The answer must consist solely of the lines below starting at the one containing "Campanula persicifolia" and ending at the one containing "ราคา ต้นธรณีสาร ว่านธรณีสาร", repeated exactly, with both ends included and all pictures omitted.

Data:
★ ★ ★ ★
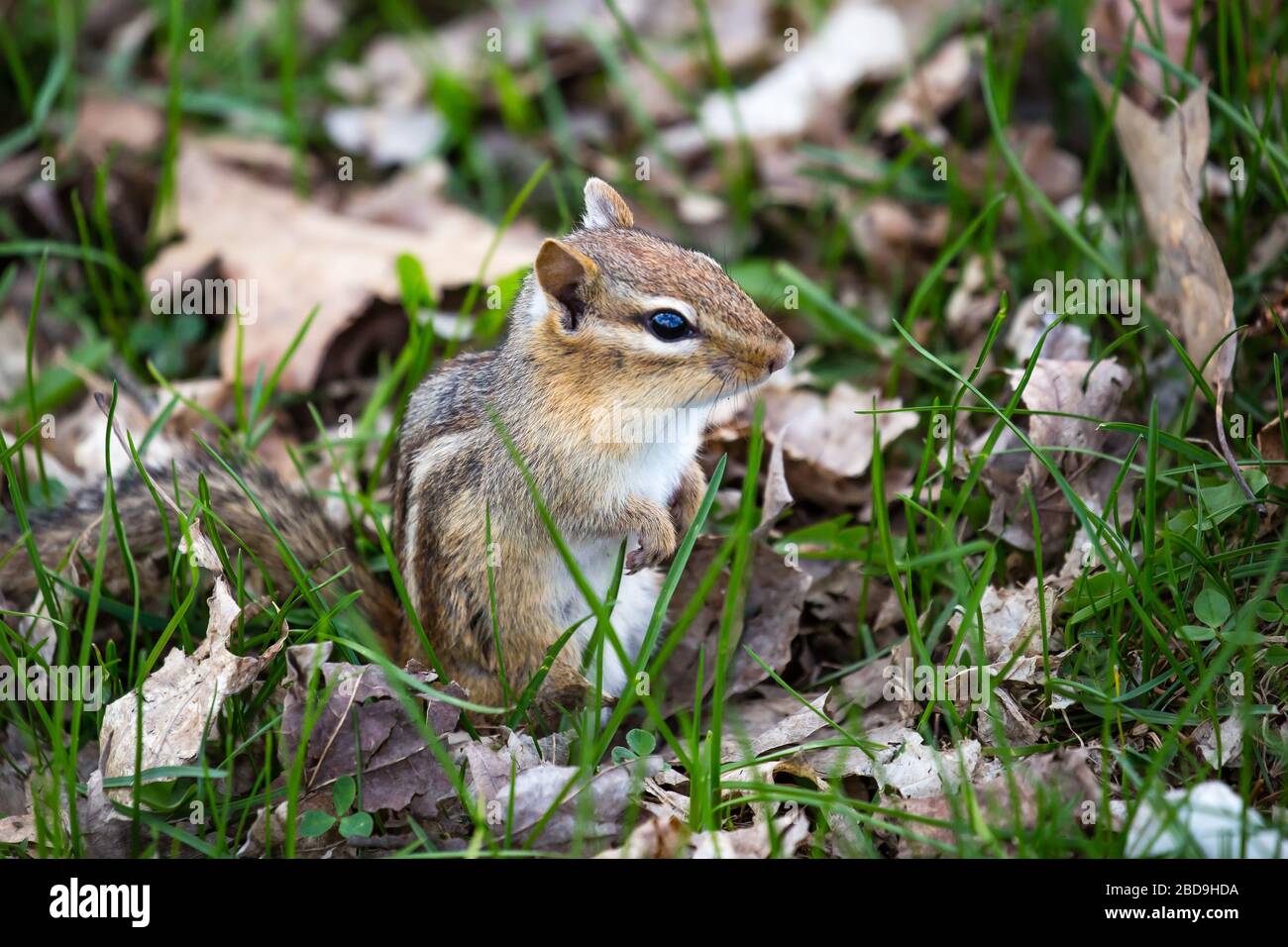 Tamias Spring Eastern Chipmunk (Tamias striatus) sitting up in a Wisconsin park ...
★ ★ ★ ★
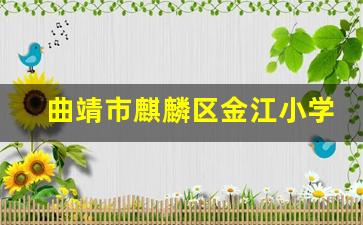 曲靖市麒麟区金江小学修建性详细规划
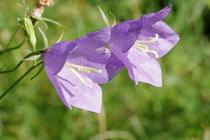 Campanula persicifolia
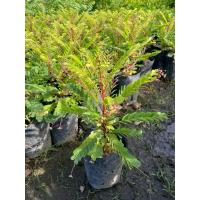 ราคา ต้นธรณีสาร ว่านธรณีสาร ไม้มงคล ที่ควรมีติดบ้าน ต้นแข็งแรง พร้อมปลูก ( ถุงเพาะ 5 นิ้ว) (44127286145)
★ ★ ★ ★
Response:
 Campanula persicifolia
 ราคา ต้นธรณีสาร ว่านธรณีสาร ไม้มงคล ที่ควรมีติดบ้าน ต้นแข็งแรง พร้อมปลูก ( ถุงเพาะ 5 นิ้ว) (44127286145)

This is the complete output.